Published as GeneralReasoning/WasmInterpInRust.
See DESIGN.md for the full design and build/PROTOCOL.md for the artifact
invocation + grading contract.
Reward
Per-build delta: +1 per corpus case the current build passes
that the previous build did not, −1 per regression. Reward tracks the current
artifact, so the trajectory total telescopes to the pass count of the build the
agent finishes with. finished=True only when a single build passes every
case at once.
Layout
| File | Role |
|---|---|
wasminterp.py | the WasmInterpInRust(Environment) class, tools, reward |
server.py | Server([WasmInterpInRust]).run() |
Dockerfile | lightweight env-server image (built by OpenReward) |
sandbox.Dockerfile | heavyweight sandbox image (toolchain + corpus + harness); pushed as ghcr.io/generalreasoning/wasminterp:latest |
harness/ | the wasm-runner grading binary (Rust) |
build/filter_corpus.py | clones + filters the corpus at image-build time |
build/PROTOCOL.md | the artifact invocation + grading contract |
golden_tests.py | no-Docker invariant tests (reward telescoping, anti-cheat) |
test_agent.py | end-to-end smoke test against a running server |
reference_solution/ | known-good impl for Phase-4 reward validation |
Develop / test
# No-Docker invariant tests:
uv run python -m pytest golden_tests.py -v
# Local sandbox-image build (iterate / reference-solution check). On push to main
# .github/workflows/build-sandbox.yml builds + pushes :latest + :sha-<gitsha> to
# GHCR; then repin SANDBOX_IMAGE to the new :sha-<gitsha> (NOT :latest — the GHCR
# mirror serves :latest stale). Build + push by hand only as a fallback:
docker build --platform linux/amd64 -f sandbox.Dockerfile -t ghcr.io/generalreasoning/wasminterp:latest .

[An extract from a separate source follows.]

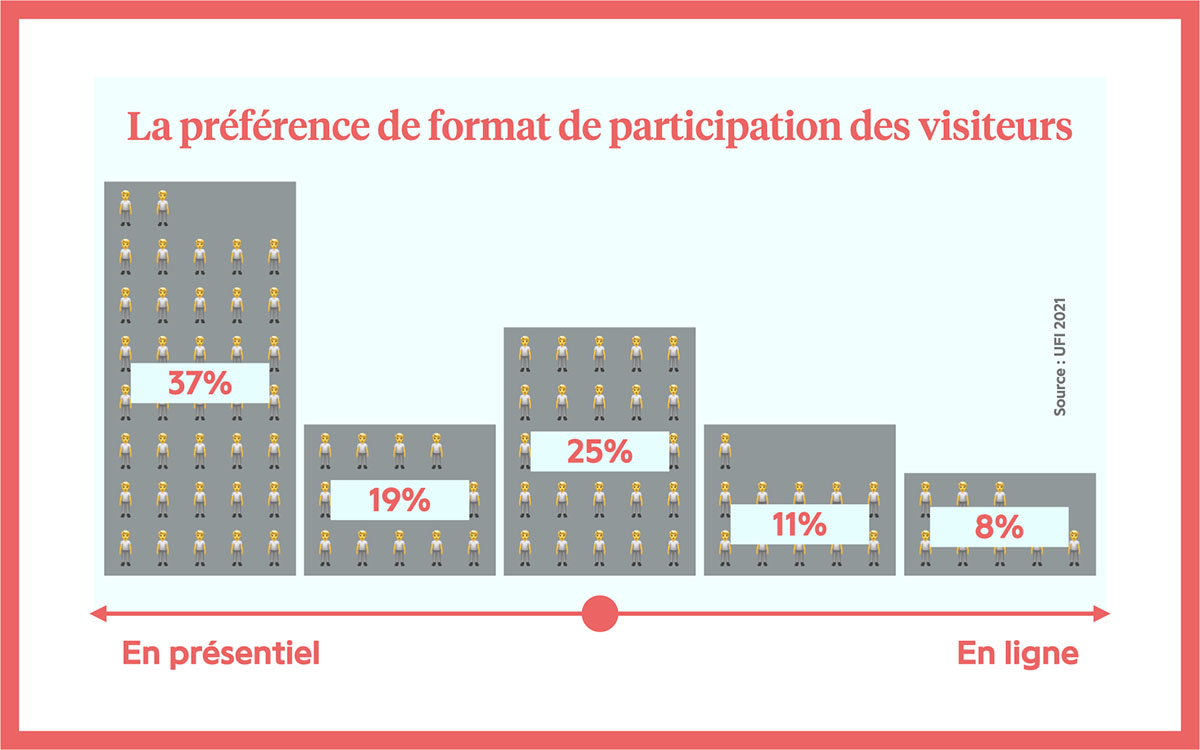 La préférence de format de participation des visiteurs. Nous pouvons voir que 37% des visiteurs préfèrent le format en présentiel et 8% préfèrent le format en ligne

docker push ghcr.io/generalreasoning/wasminterp:latest
# Local server smoke test:
uv run python server.py # in one shell
uv run python test_agent.py # in anotherCorpus
Built from WebAssembly/testsuite
pinned at a8101597d3c3c660086c3cd1eedee608ff18d3c3 (just before GC/reference-type
syntax was folded into the core MVP files), translated by a pinned wast2json
(wabt 1.0.37). ~22k directive-level cases across six tiers (numeric → control →
variables → memory → tables → decoder/validation). Bump WABT_VERSION /
CORPUS_COMMIT together in both Dockerfiles if either changes.